@CROS Île-de-France
Le 17 juin 2026, le Conseil d’État accueillait un colloque d’envergure consacré aux vingt ans du Code du sport. Organisé conjointement par le Centre de droit et d’économie du sport (CDES), le Comité National Olympique et Sportif Français (CNOSF), le Conseil d’État et la Cour de cassation, cet événement a réuni de nombreux acteurs du monde juridique, institutionnel et sportif afin d’interroger les liens entre le sport et la loi vingt ans après la codification du droit sportif français.
Le CROS Île-de-France était présent pour suivre cette journée d’échanges et de réflexion, particulièrement riche en enseignements pour l’ensemble du mouvement sportif. Dans un contexte où les enjeux de gouvernance, de responsabilité et de régulation occupent une place croissante dans la vie des fédérations, ligues, comités et clubs, ce colloque a permis de prendre du recul sur l’évolution du cadre juridique qui accompagne le développement du sport en France avec une belle ouverture conjointe entre Monsieur Marc Guillaume, Vice-Président du Conseil d’Etat et Amélie Oudéa Castera, Présidente du CNOSF.
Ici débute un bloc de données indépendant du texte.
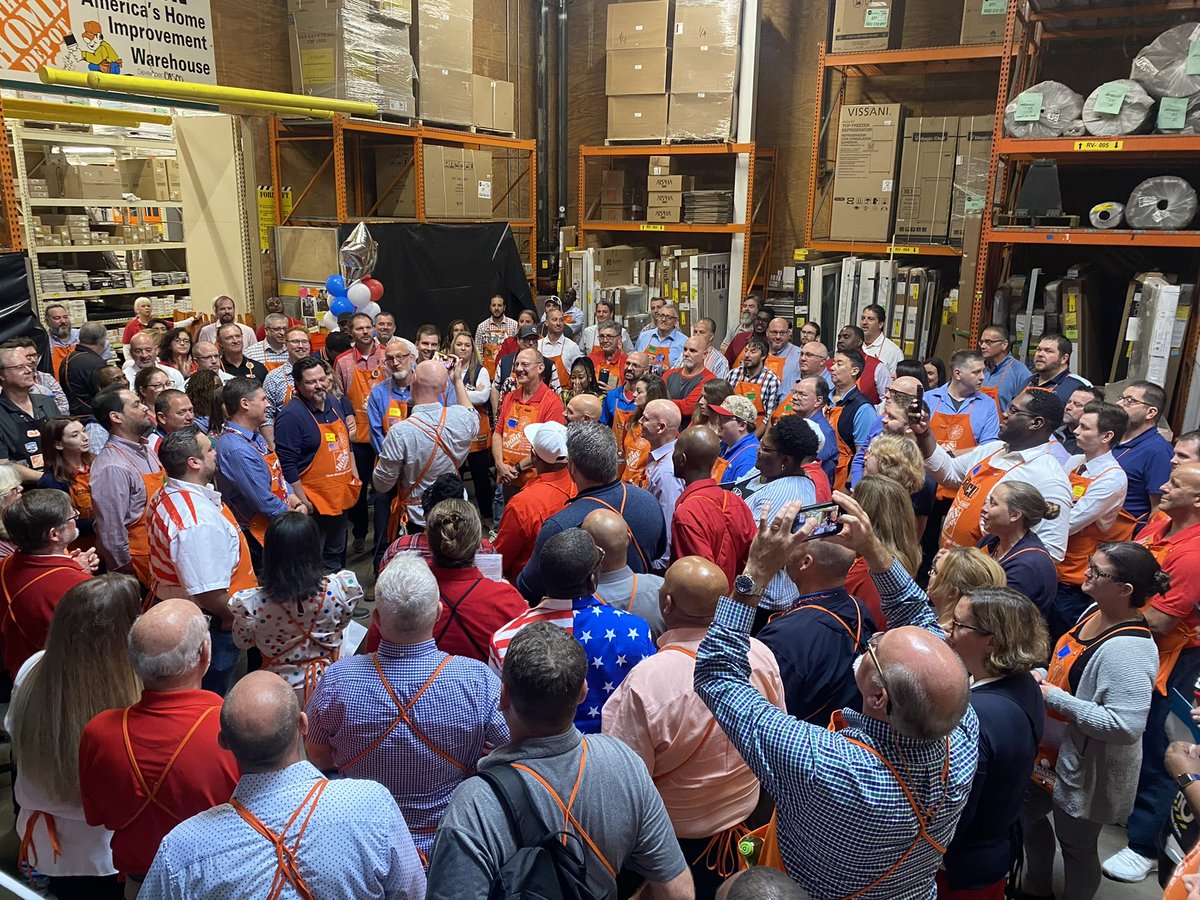 What an amazing day. @JasonArigoni, Gene Barlow, @LemmaTony. Thank you all for the commitment to ensuring confidence in our associates through training. The consultative selling Walk was very Informative. Cental @jillcappel @@BrianLyonsHD @skumarTHD @LilyGSV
Vingt ans de Code du sport : quel bilan ?
Adopté par ordonnance le 23 mai 2006, le Code du sport avait pour ambition de rassembler dans un ensemble cohérent les différentes dispositions législatives relatives au sport. Vingt ans plus tard, la question demeure d’actualité : la loi constitue-t-elle toujours l’outil le plus adapté pour répondre aux défis du mouvement sportif ? Tout au long de la journée, les intervenants ont analysé la manière dont le droit sportif s’est construit au fil des réformes successives, entre nécessité de protéger les pratiquants, encadrement des compétitions, lutte contre le dopage, organisation des grands événements sportifs et respect de l’autonomie du mouvement sportif.
Les échanges ont permis de croiser les regards d’anciens responsables ministériels, de juristes et de spécialistes du droit. Les interventions de Marie-George Buffet, ancienne ministre de la Jeunesse et des Sports, et de Cyril Mourin, ancien conseiller sport à l’Élysée, ont notamment apporté un éclairage concret sur les réalités politiques qui accompagnent la construction de la norme sportive. Thierry Braillard, ancien Secrétaire d’Etat et avocat a évoqué l’importance de la notion d’éthique.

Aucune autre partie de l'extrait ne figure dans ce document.